I have to believe that every little puff of cotton plucked from that field some fifty-odd years ago would've preferred to spend its days gently supporting Marilyn Monroe's milky white bosom—or what ever blond bombshell was alive at the time—rather than being crushed under the weight of a thousand dirty felons.

And who could argue that the canvas holding in this bastard's bowels wouldn't have had a more meaningful life as part of a tent in some traveling circus. Every night, a different town flapping high above the Flying Zambonis? And maybe if the poor beast's plastic skin had been molded into ergonomic incense holders for some yoga studio rather than stretched into a suffocating sheath, this monstrosity might not be so eager to watch me die.

And if I wasn't warehoused in this cage for twelve years for a botched suicide attempt I almost certainly would've never cut one of its brethren to shreds in search of a few more minutes of sleep.

And as I'm yanked back from the edge of sleep by gravity, as my heads snaps back to an upright position, I realize that questioning the nature of fate does little to change the fact that your mattress is trying to kill you.
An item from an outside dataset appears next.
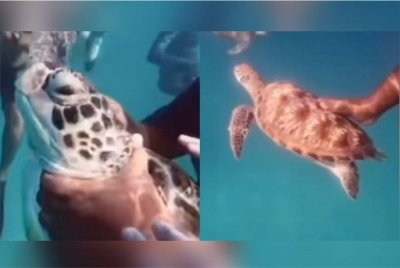 Tular video memaparkan sekumpulan pelancong mengganggu dan mengasari penyu ketika aktiviti selam snorkel, dipercayai di Pulau Redang.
I write this last will and testament through bloodshot eyes locked in a small concrete room. My own personal bunker. If you find my bones, twisted and unrecognizable, spread across a faded green mattress, do what you will with my effects, but make sure you leave before nightfall. And if you ever spot one of these institutional mattresses outside of your house after a phantom ring of the doorbell, lurking behind the dumpster on your walk home from work, or peering out at you from a darkened closet, you run as fast as you can.

I've got five years left in my sentence. Five more years to find a weakness or call a truce. I will not survive otherwise. Whatever happens to me, stay vigilant, practice sleeping on the floor, and treat your mattress with respect. One day soon their kind could rule the world.

Wish me luck.

I'm just gonna rest my eyes for a minute.